--- EXERCISE REQUIREMENTS ---
Copy the entries below exactly; any picture among them should be left out.

--- TASK INPUT ---
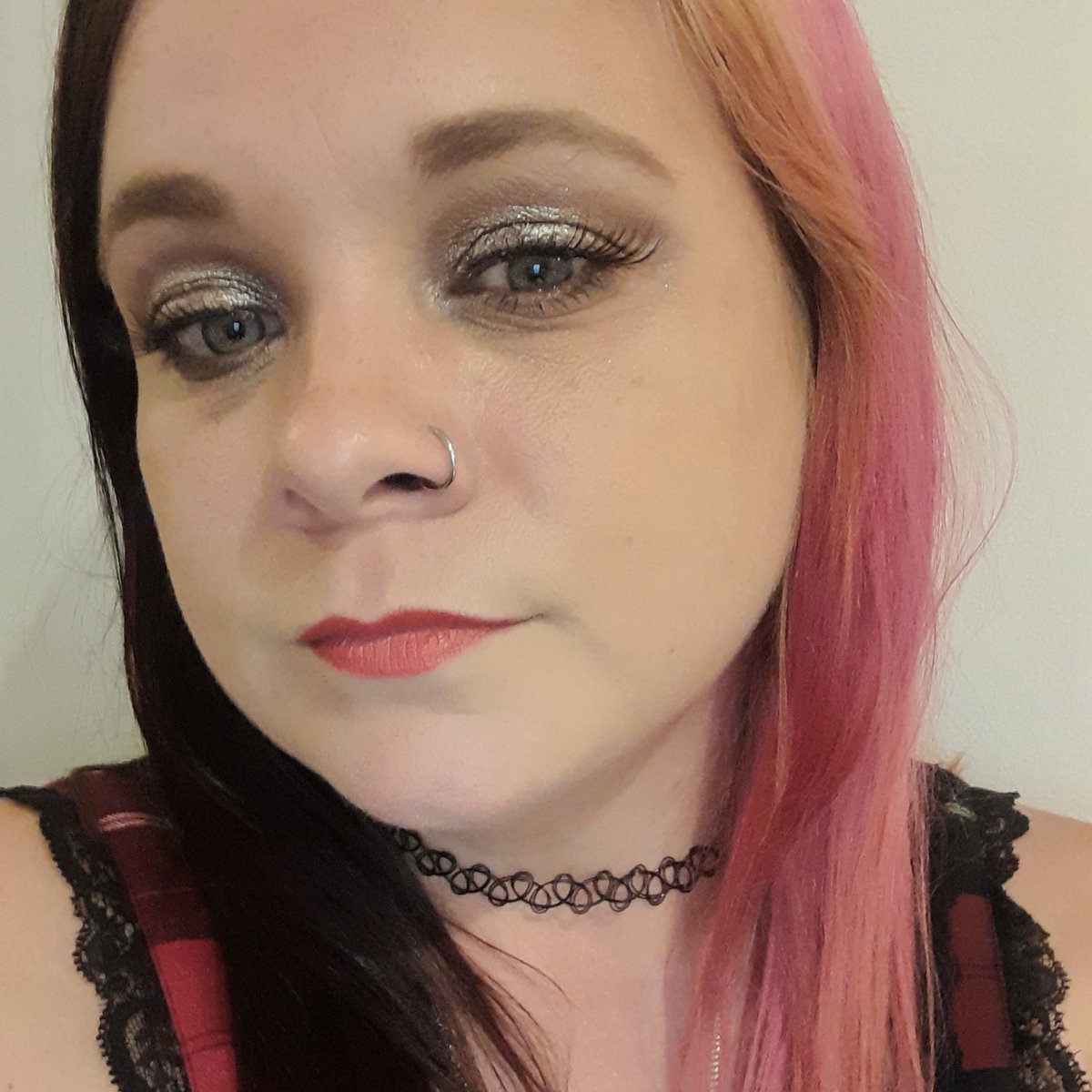 PinkiePurpley's tweet photo. Some of my most recent make-up looks @Maybelline @iheartrevolution @NARSCosmetics @LauraMercier @elfcosmetics @SleekMakeUP @ArdellBeauty @stargazercosmetics #makeup #makeuplooks #makeupoftheweek https://t.co/NsTCavLIim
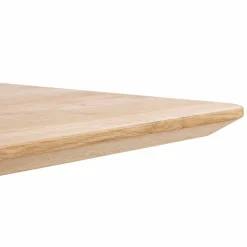 Esstisch Eschau 220 x 100 cm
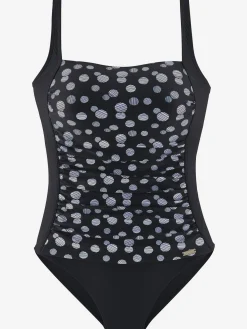 Maillot de bain design tendance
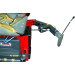 Шиномонтажный станок 220V M&B Engineering ТС322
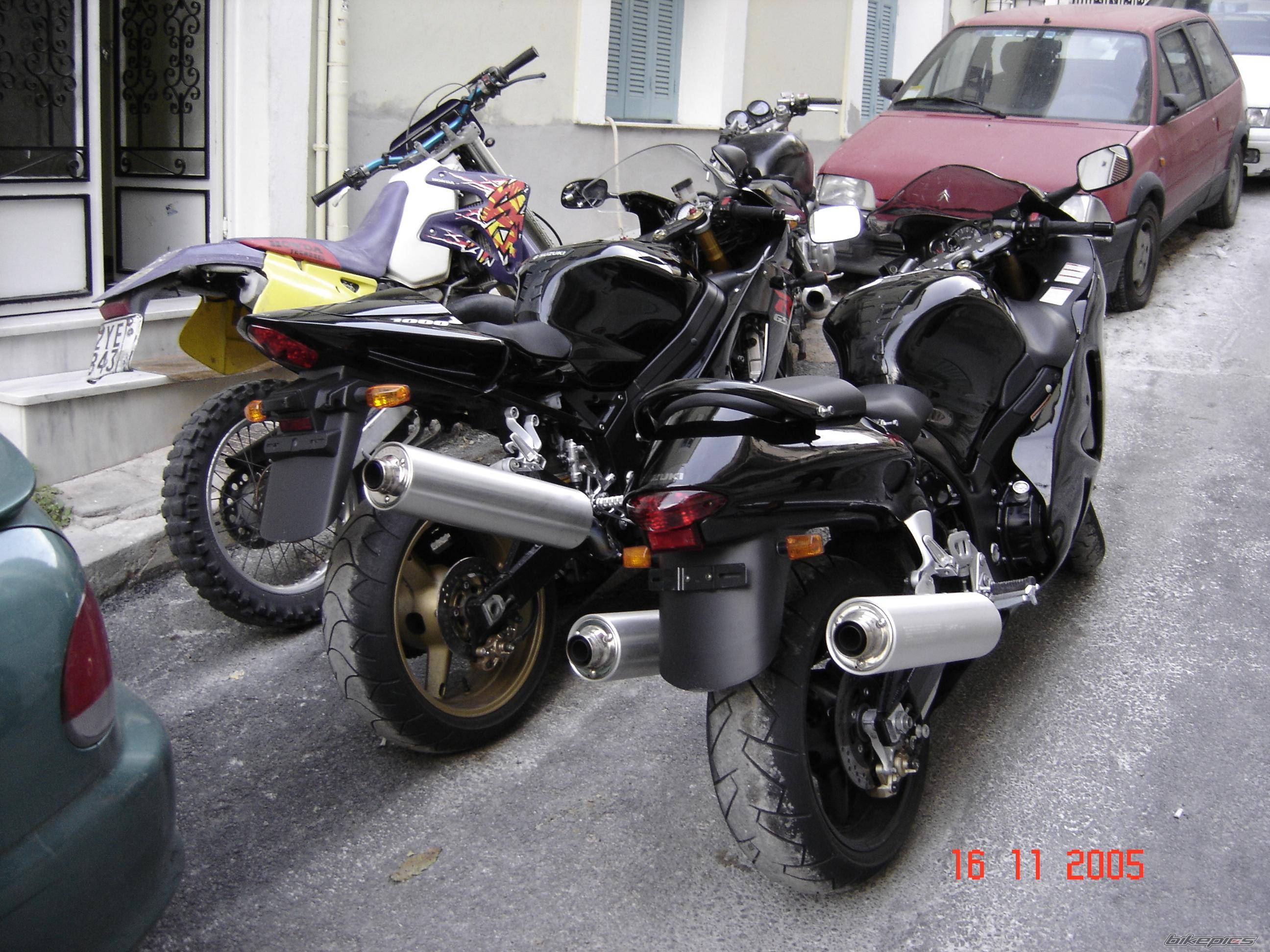Photo 468300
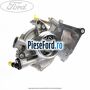 Pompa vacuum Ford Tourneo Custom 2014-2018 2.2 TDCi 100 cp DRF4, DRFF, DRFG diesel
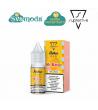 SUPREM-E FLAVOUR BAR MR MANGO AROMA CONCENTRATO 10ML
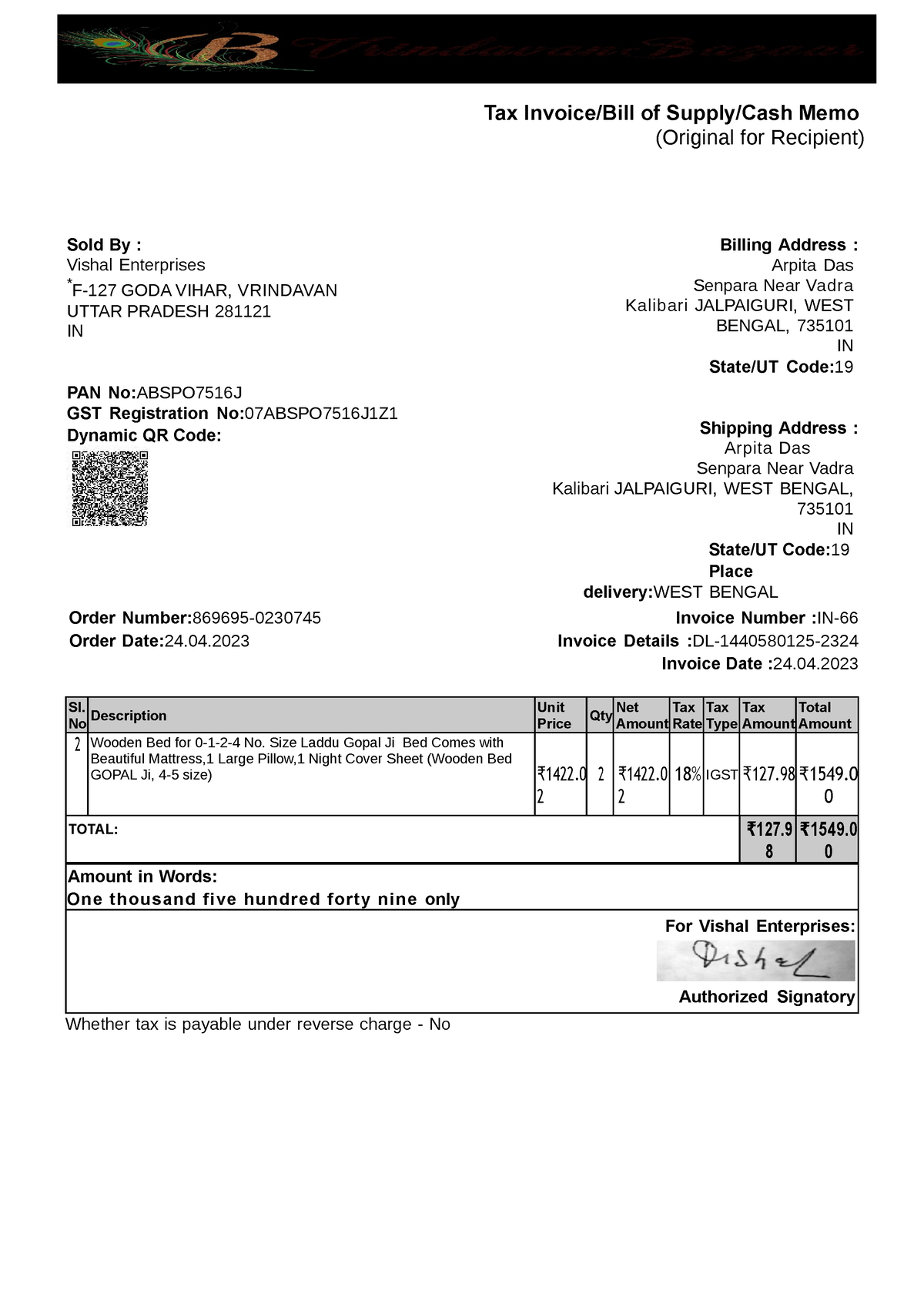 proforma-invoice-vs-purchase-order-selfdrop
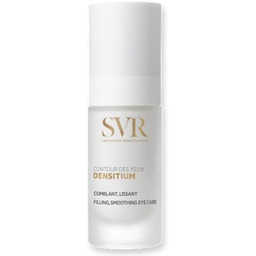 SVR, Densitium Contour des Yeux, Przeciwzmarszczkowy krem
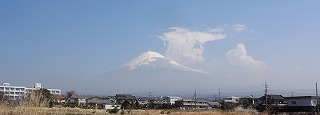 a0167836_15563301.jpg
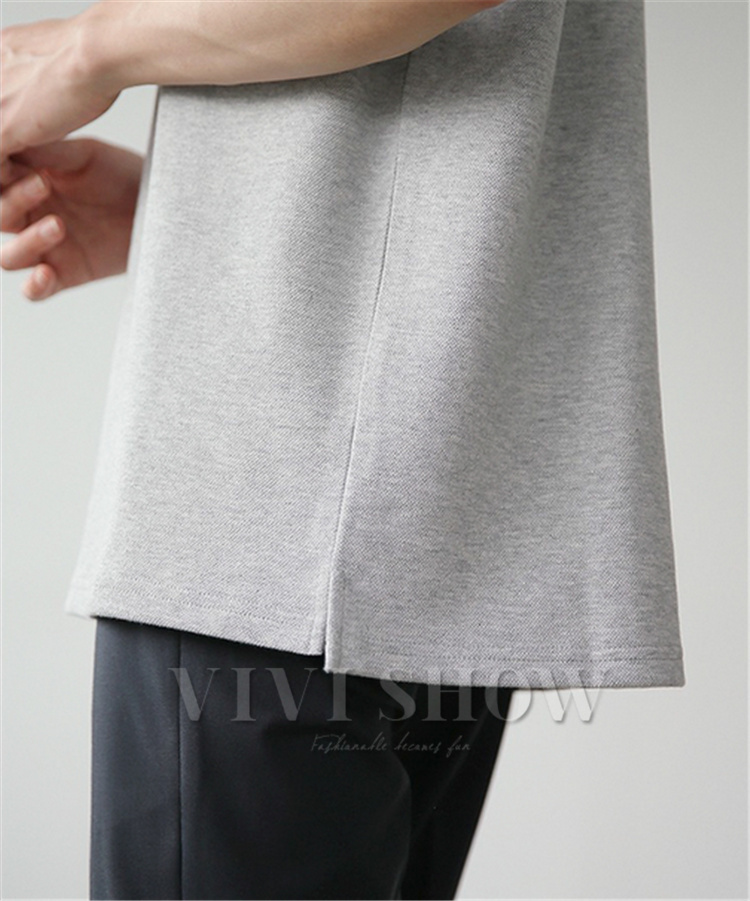 Sale 96 Off ジフ クリームクレンザー ２７０ｍｌ 14 ユニリーバ Dprd Jatimprov Go Id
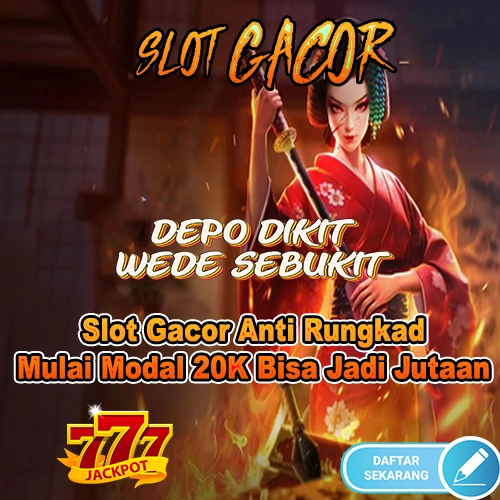 Sinarjp99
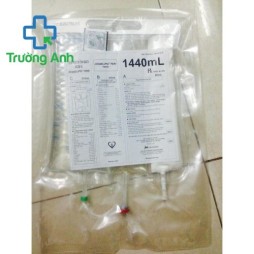 Combilipid Peri 1440Ml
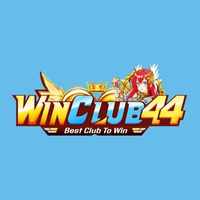 winclub44 official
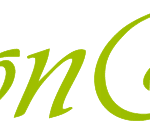 Monrin kosmetyki trychologiczne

--- ANSWER FOR THE TASK ---
 PinkiePurpley's tweet photo. Some of my most recent make-up looks @Maybelline @iheartrevolution @NARSCosmetics @LauraMercier @elfcosmetics @SleekMakeUP @ArdellBeauty @stargazercosmetics #makeup #makeuplooks #makeupoftheweek https://t.co/NsTCavLIim
 Esstisch Eschau 220 x 100 cm
 Maillot de bain design tendance
 Шиномонтажный станок 220V M&B Engineering ТС322
Photo 468300
 Pompa vacuum Ford Tourneo Custom 2014-2018 2.2 TDCi 100 cp DRF4, DRFF, DRFG diesel
 SUPREM-E FLAVOUR BAR MR MANGO AROMA CONCENTRATO 10ML
 proforma-invoice-vs-purchase-order-selfdrop
 SVR, Densitium Contour des Yeux, Przeciwzmarszczkowy krem
 a0167836_15563301.jpg
 Sale 96 Off ジフ クリームクレンザー ２７０ｍｌ 14 ユニリーバ Dprd Jatimprov Go Id
 Sinarjp99
 Combilipid Peri 1440Ml
 winclub44 official
 Monrin kosmetyki trychologiczne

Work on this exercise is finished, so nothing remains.